In terms of presentation, most of the space is taken in introductory material, related work descriptions and a system description of the YASGUI tool (7 pages, results are 6 pages, and conclusions and references 2 pages). While these sections are interesting to read, the analysis section feels a bit thin on the ground in comparison to the rest of the paper. Moreover, it would be good if the authors could tie the results and analysis that are presented to their original goals.

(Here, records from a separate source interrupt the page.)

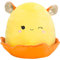 Auswahl: Jazwares Squishmallow 19 cm - Serie 13 - Weiches Stofftier, Plüschtier von Kelly Toys + Gratispostkarte (Bijan der Dumbo-Oktobus - 19 cm (7,5))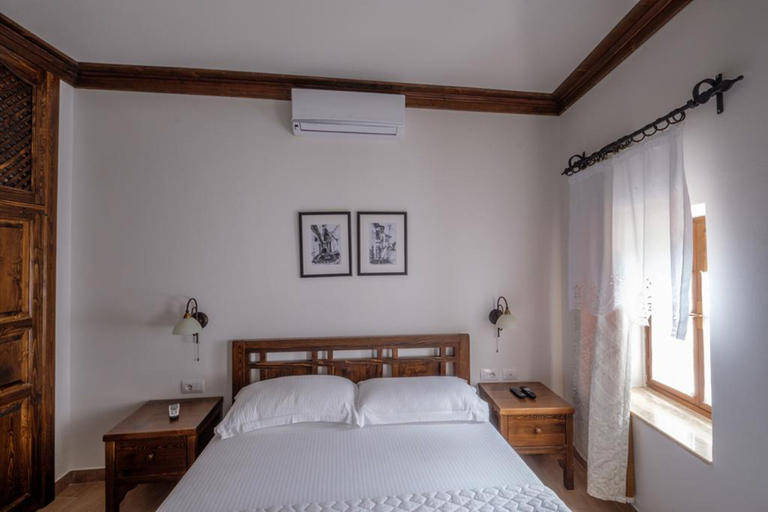 Bedroom 2, Hotel Gorica, Beratit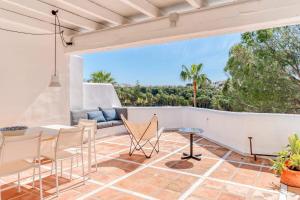 2 bedroom golf house - Spectacular views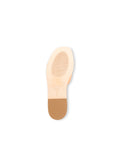 Berkley Bamboo Buckle Flat Sandal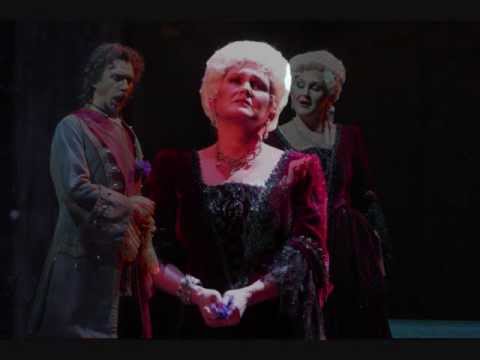 AGNES ZWIERKO / Principessa di Bouillon - ADRIANA LECOUVREUR 2009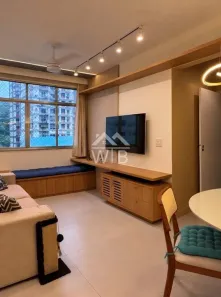 Apartamento com 2 Quartos à venda, 82m² no Icaraí, Niterói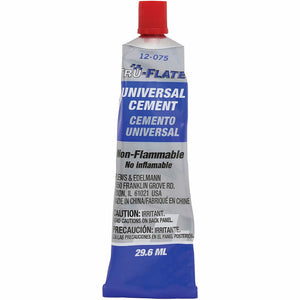Tru Flate 12-075 Rubber Cement||||85||t2f12075||1919990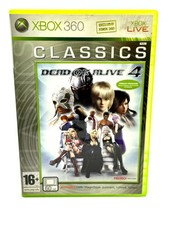 Usado, Dead or Alive 4 Xbox 360 PAL INGLÊS TESTADO E AUTÊNTICO, sem manual comprar usado  Enviando para Brazil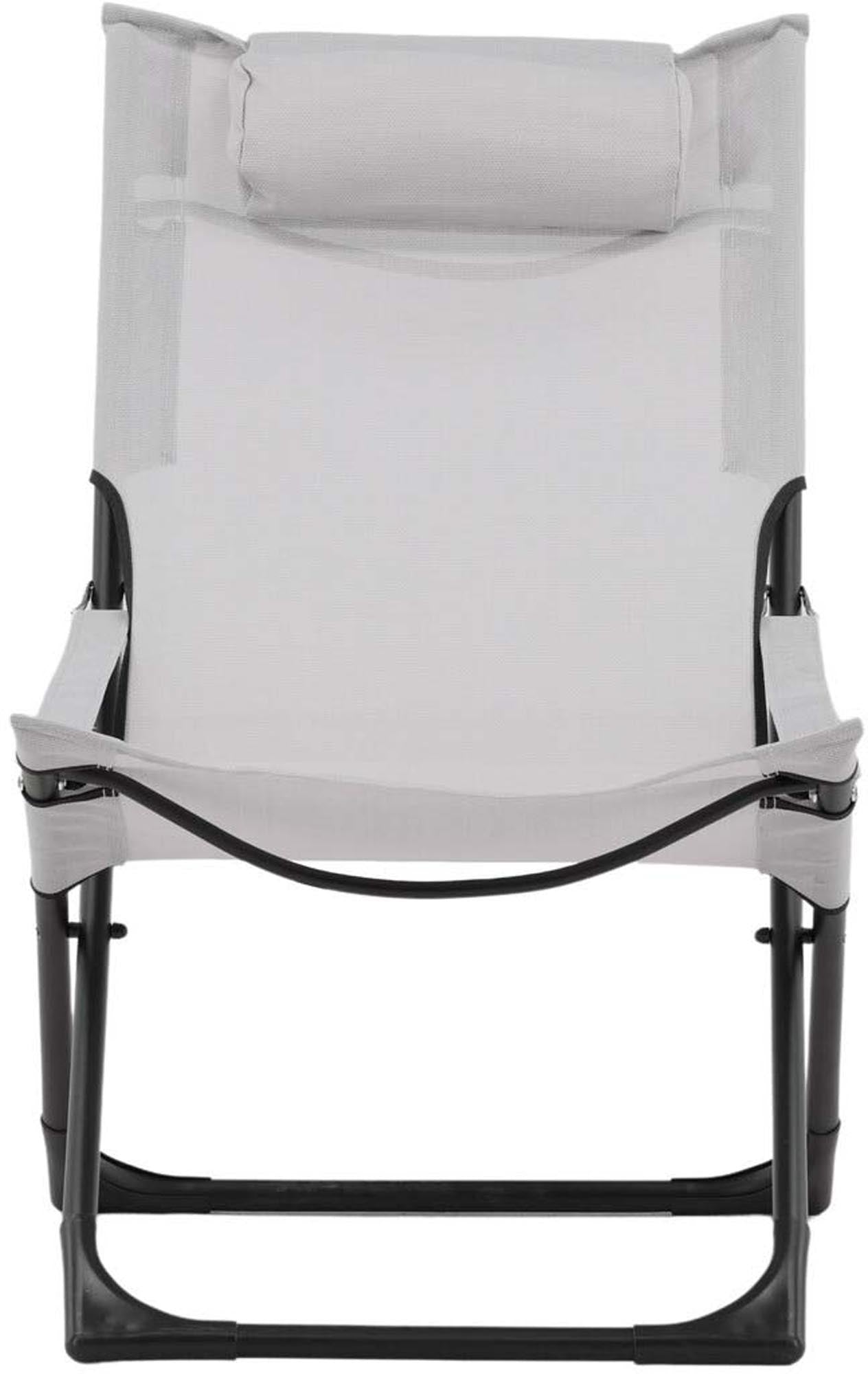 Genießen Sie stilvolle Entspannung mit der Sevilla Sun Lounge von Venture Home – der perfekte Liegestuhl für Garten, Terrasse und Pool.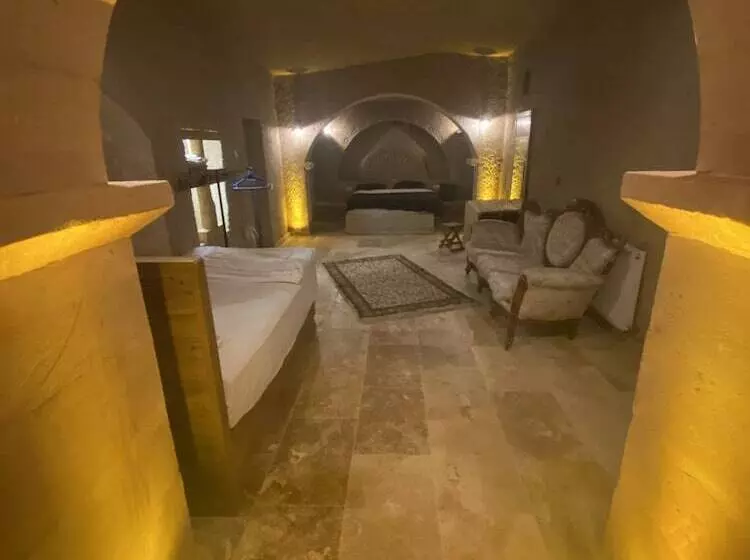 Yeşilöz Inn Cave Otel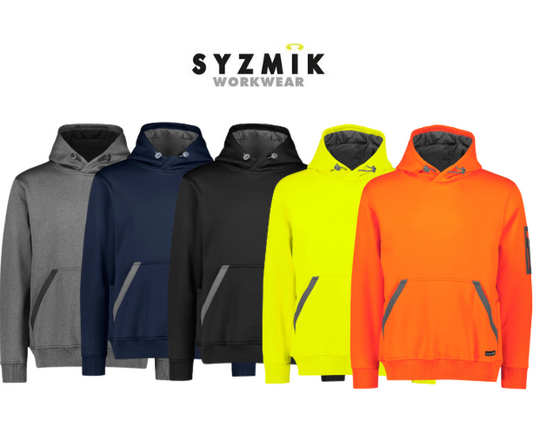 ZT667 - Unisex Water Resistant Hoodie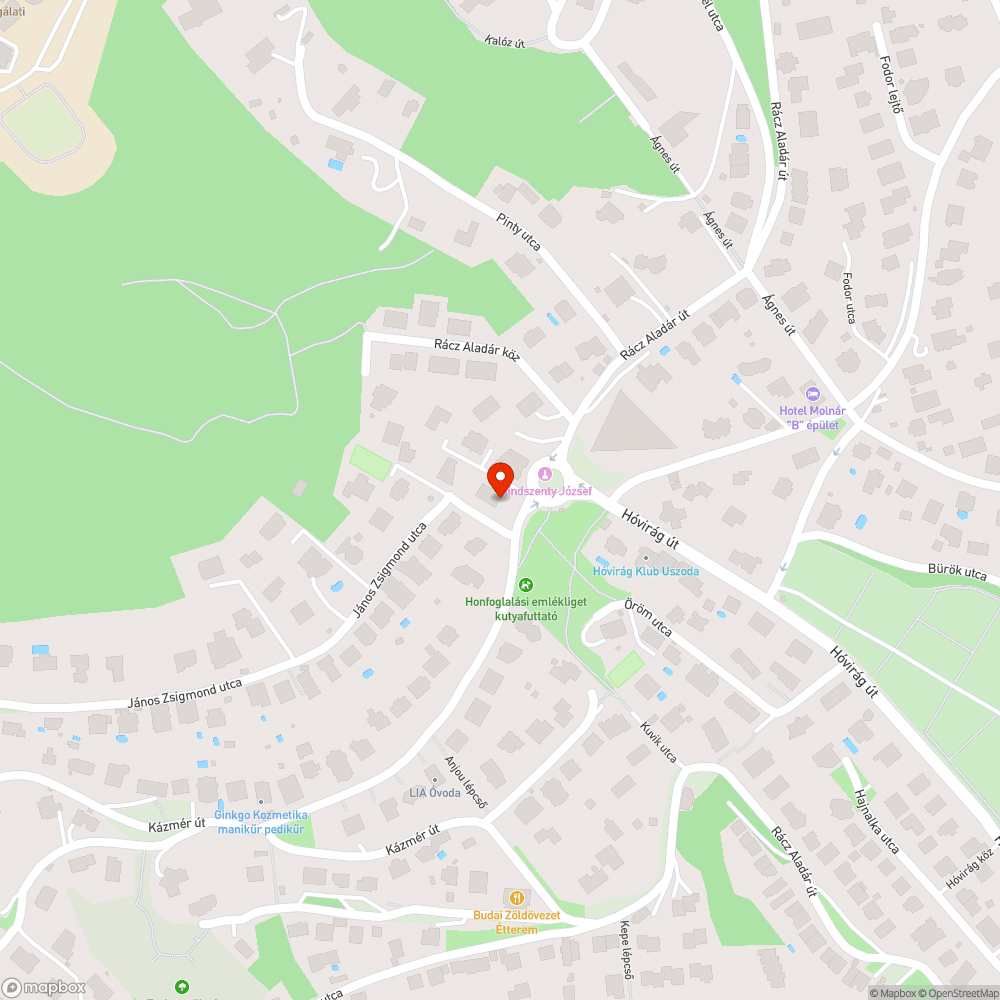 Elektromos vezeték bejelentés helye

The conclusion summarises the main results of the paper and I'm please that the authors begin by noting that the results are biased. However, as stated above, they could have more of discussion about this and I still think some of the claims in the conclusion are inappropriate and exaggerated. For example, "This gives unprecedented insight into how we actually use the Linked Data cloud, and what part of the linked data cloud we use". It doesn't really - it gives an insight into the parts of the linked data cloud used by whoever the 2,974 YASGUI are (other tools might produce different results, not to mention the use of the Web of data by other applications). Furthermore, there aren't enough details to assess who these users are or what they were trying to accomplish with YASGUI (whether they were just playing with it or trying to get some serious data analysis done). As the results stand, they are only applicable to this tool and only applicable to the users who actually used this tool. The authors should perhaps tone down some of the presentation so that it is clear that they are presenting YASGUI and the data obtained from this tool and not results on the Web of data in general. As part of this, I would also say that a more specific title for the paper is needed that at least mentions YASGUI and that the data is specific to this tool.
The authors finish off off the conclusion with, "This paper introduces a tool, dataset and methodology that increase[s] our knowledge of the use of Linked Data". Again, I think this is too strong, but you are right, you do present a tool, data set and methodology and this is a valuable contribution - stick to this line, don't exaggerate the results and make the limitations clear, and I think that you'll have a decent paper.
Minor comments (should be addressed if possible):
The capitalisation in some of the references is not correct. For example, reference [17] sparql -> SPARQL, or gui -> GUI.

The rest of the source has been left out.